-- DATASET EXTRACT follows --
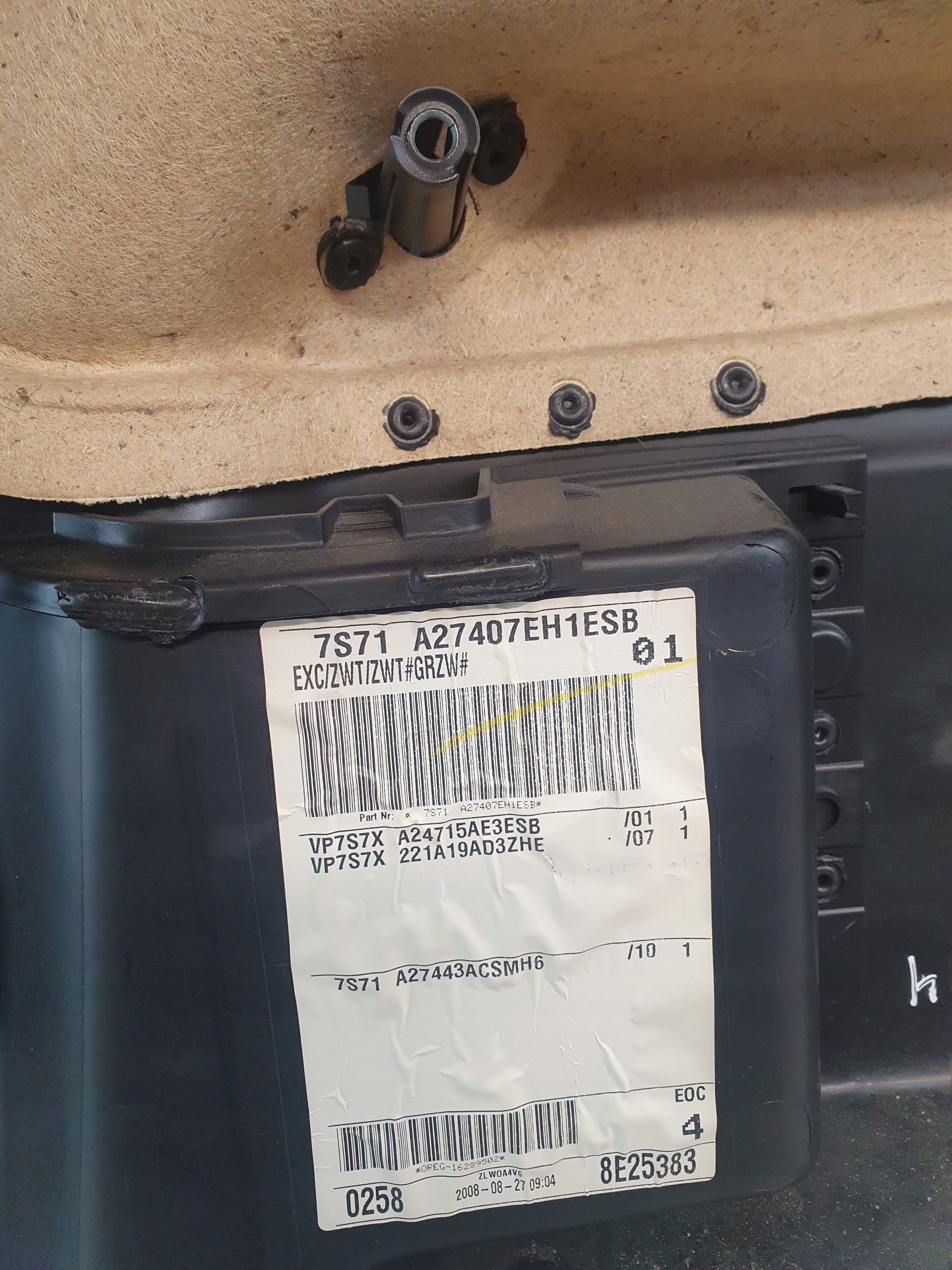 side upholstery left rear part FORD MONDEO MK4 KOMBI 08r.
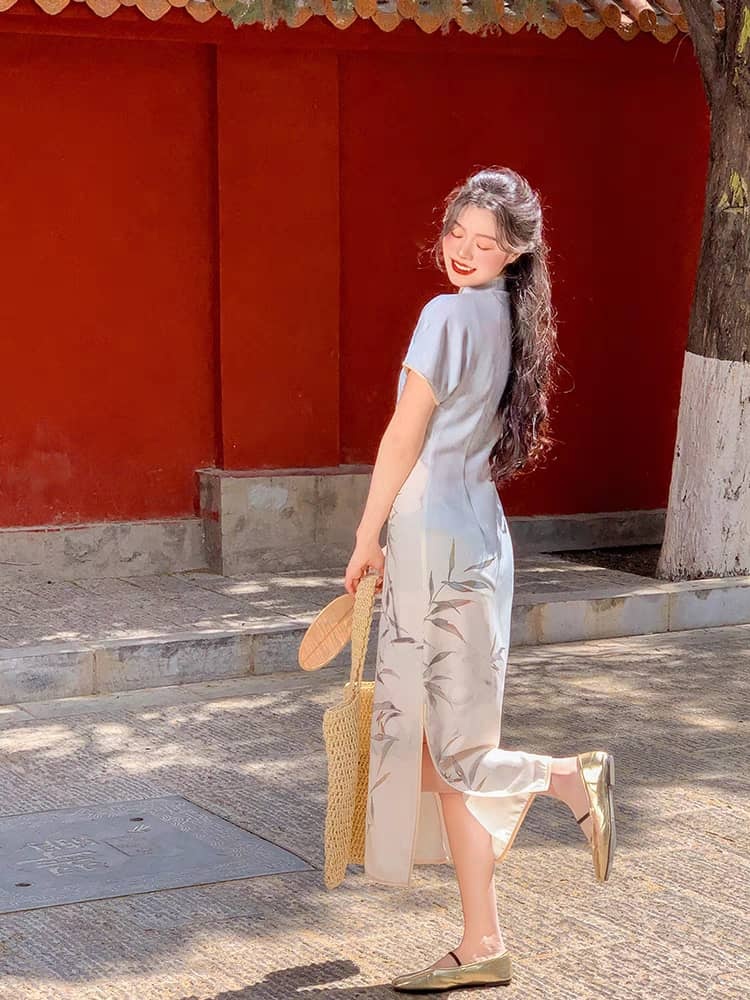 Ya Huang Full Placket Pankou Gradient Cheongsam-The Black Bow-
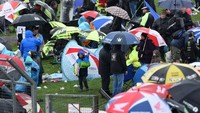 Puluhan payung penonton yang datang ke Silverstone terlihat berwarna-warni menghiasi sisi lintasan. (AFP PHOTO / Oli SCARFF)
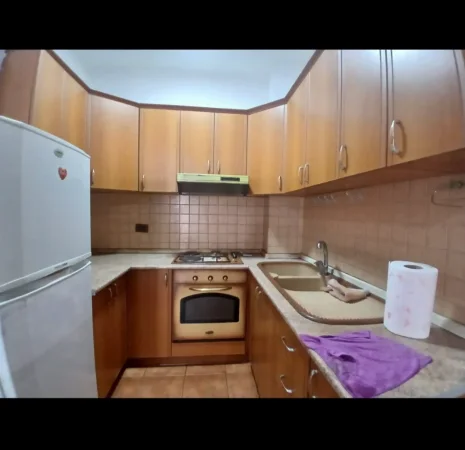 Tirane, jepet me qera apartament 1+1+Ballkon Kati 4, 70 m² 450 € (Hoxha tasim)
-- DATASET EXTRACT concluded --
*BRIEF*:
Line for line, retype the material exactly, omitting any pictures.

*ANSWER TO THE EXERCISE*:
 side upholstery left rear part FORD MONDEO MK4 KOMBI 08r.
 Ya Huang Full Placket Pankou Gradient Cheongsam-The Black Bow-
 Puluhan payung penonton yang datang ke Silverstone terlihat berwarna-warni menghiasi sisi lintasan. (AFP PHOTO / Oli SCARFF)
 Tirane, jepet me qera apartament 1+1+Ballkon Kati 4, 70 m² 450 € (Hoxha tasim)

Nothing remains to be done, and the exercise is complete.